Nemiroff’s hands-on approach wows parents and students alike
Fifth-grade teacher Tracy Nemiroff breaks the math nerd mold.
“She’s not what you’d expect,” said parent Claudine May-Gomez. “Tiny, beautiful, little, pretty—and she loves math!”
But this math lover also has a reputation for being tough.
“I demand a lot. I give them really hard problems,” Nemiroff said.
“A lot of parents complain,” May-Gomez said. “‘She’s too hard,’ ‘There’s too much homework,’ but she doesn’t care. She does what’s best for the kids.”
This does not mean letting her students fend for themselves, however. Nemiroff answers emails after school if kids need help, has them practice for state and national math tests until test taking feels like a walk in the park and defuses math anxiety with singing, dancing and rapping—like the introductory rap she performs on the first day of school:
I’m from Miami, so I’m used to the heat,
When the snow comes down, I get frozen feet.
On parents’ night, Nemiroff hands out a questionnaire. Parent Min Miller took notice. Never before had a teacher asked, “Is your child afraid of math?” Miller’s daughter, Maeve, was indeed a little afraid. She had been surprised to get 60 percent on her first math test of the year. Many gifted kids enjoy good test scores and so had Maeve, but Nemiroff is interested in chipping away at the gifted child’s tendency toward perfectionism.
“I want them to take risks, to know it’s OK to make mistakes,” she said. “It is what students do with their mistakes and struggles that defines them as learners and makes them most successful.”
Emphasis is placed on problem solving that draws on all of a child’s accumulated math knowledge.
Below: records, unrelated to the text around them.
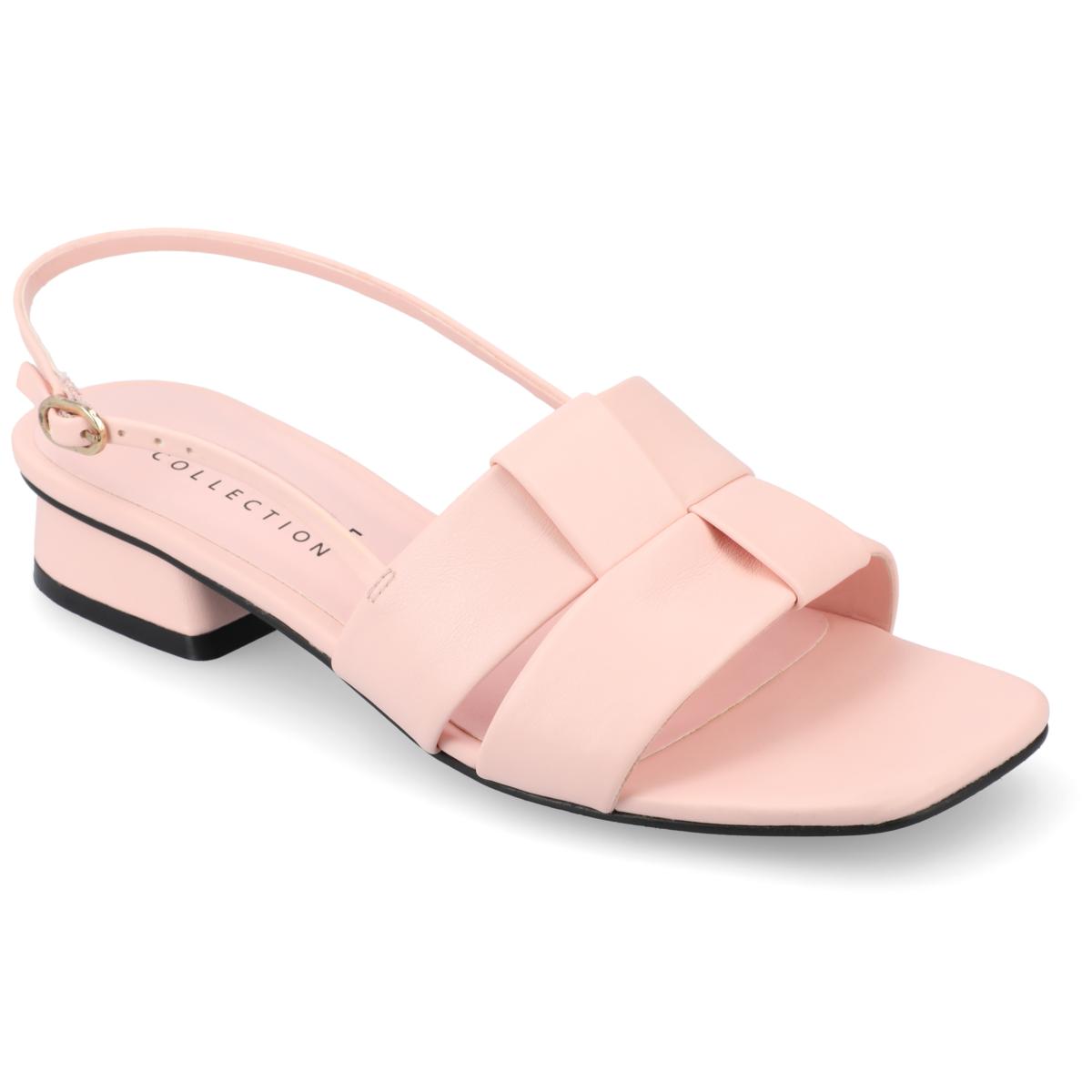 Journee Collection Womens Tru Comfort Foam Tabatha Sandals - 23226568 | HSN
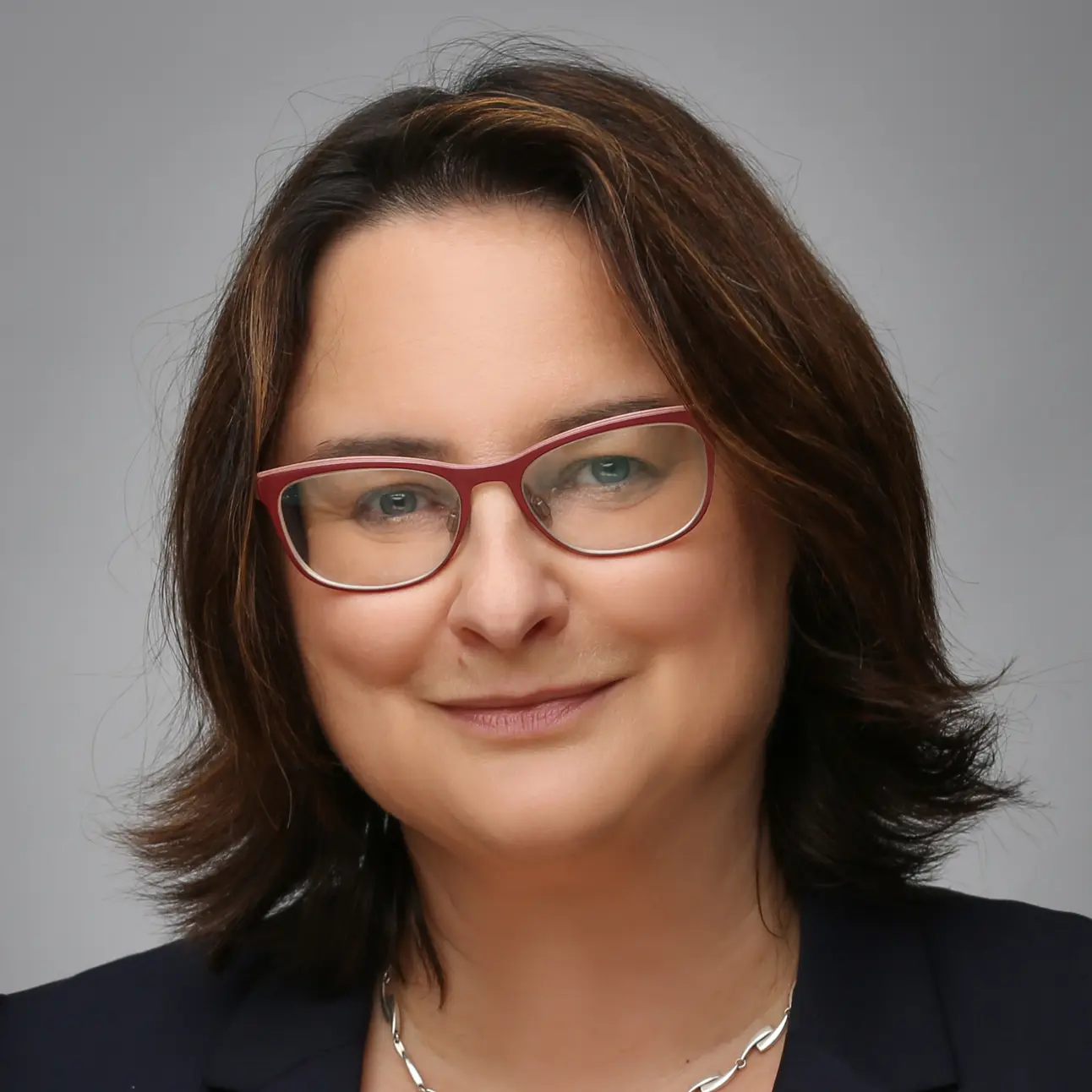 Portrait Sabine Wolter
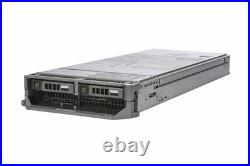 Dell PowerEdge M620 Blade Server 2x Eight-Core E5-2680 224GB Ram 2x 300GB HDD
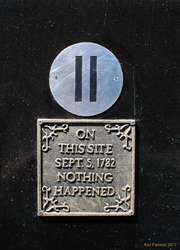 Outside the Fiddler's Arms, Grassmarket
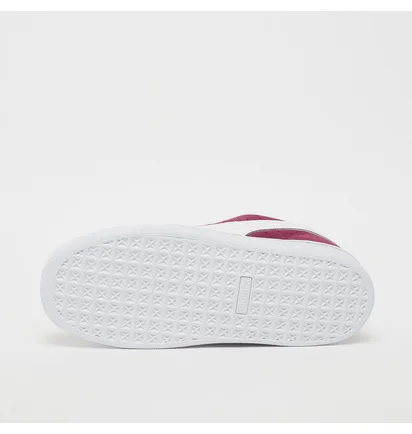 Кросівки унісекс Puma Suede Xl Violet 395205-12
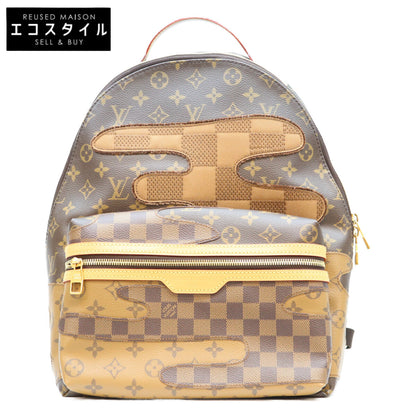 LOUIS VUITTON ルイヴィトン 25年 M26130 モノグラム ディスカバリーバックパック PM リュックサック リュック バックパック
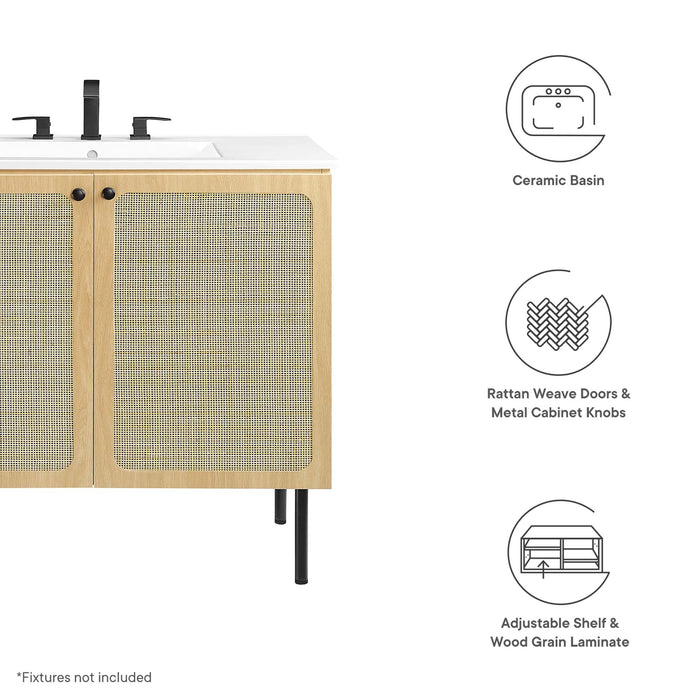 Chaucer 36" Bathroom Vanity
For Maeve, this teaching strategy has worked, and she’s back in the 90 percent range.
“Maeve has such confidence in math,” Miller said.
Maeve adds, “Ms. Nemiroff makes it fun, like there’s nothing to it, so you’re not scared.”
Math inventions are one way of keeping it fun. Student projects have included designs for a mathematical keyboard, an electric protractor, a digital ruler and a baseball mitt that measures speed upon impact. As a gifted child herself, Nemiroff felt “pushed to make sure I got everything right.” She wants her students to take chances.
“That’s when I see them coming alive,” she said. “That’s when I see the most progress.”
Upon graduation from Emory University, in Atlanta, Nemiroff moved to New York City with her fiancé. She taught at NEST+m for two years before a slot opened up at the Anderson School, where she’s been for three years. She is a member of MENSA, the organization for people with high IQs, and uses puzzles and problems from MENSA’s newsletters in her classroom. She is an advocate for gifted kids.
“Often gifted kids get overlooked for the challenges they go through,” she said.
“People think they have anything and everything given to them, but they have problems and pressures just like everyone else.”
In spite of the rigor of her approach, Nemiroff tries to keep math light and relevant with questions like, “Why would Derek Jeter and David Wright use the Pythagorean theorem in their work?”
This summer, her math skills will be particularly relevant and handy as she, and her fiancé, plan their wedding.